München (41 Millionen Passagiere):
Flugbetrieb findet von 5 bis 24 Uhr statt. Ausnahmen gibt es nur für Notfälle, Post- und Vermessungsflüge oder nach Einzelgenehmigung durch das Landesinnenministerium. Allerdings gibt es bereits von 22 bis 24 Uhr und von 5 bis 6 Uhr Einschränkungen. Dazu gehören, dass generell nur mit vergleichsweise leisen Jets geflogen werden darf und es pro Nacht maximal 28 planmäßige Flugbewegungen im Linien- und Charterverkehr in diesen Zeitfenstern geben darf. Für den A319 wird tagsüber ein Startentgelt von 156,77 Euro fällig werden, in den Randzeiten von 179,95 Euro.

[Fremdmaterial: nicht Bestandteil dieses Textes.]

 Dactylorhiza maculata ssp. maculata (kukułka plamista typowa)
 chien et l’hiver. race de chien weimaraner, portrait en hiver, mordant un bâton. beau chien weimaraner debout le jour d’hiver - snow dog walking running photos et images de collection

Köln/Bonn (10,3 Millionen Passagiere): Der Airport hat eine 24-Stunden-Betriebsgenehmigung. Starts und Landungen in der Nacht sind teurer als am Tag. Ebenso müssen Airlines für lautere Flugzeuge mehr zahlen. Ein Airbus A319 kostet zwischen 6 und 22 Uhr an Start- und Landeentgelten sowie Lärmzuschlag rund 600 Euro. Ab 22 Uhr wird ein Aufschlag von 50 Prozent fällig. Eine Boeing 777 kostet am Tag rund 1800 Euro, in der Nacht kommt ein Aufschlag von 80 Prozent hinzu.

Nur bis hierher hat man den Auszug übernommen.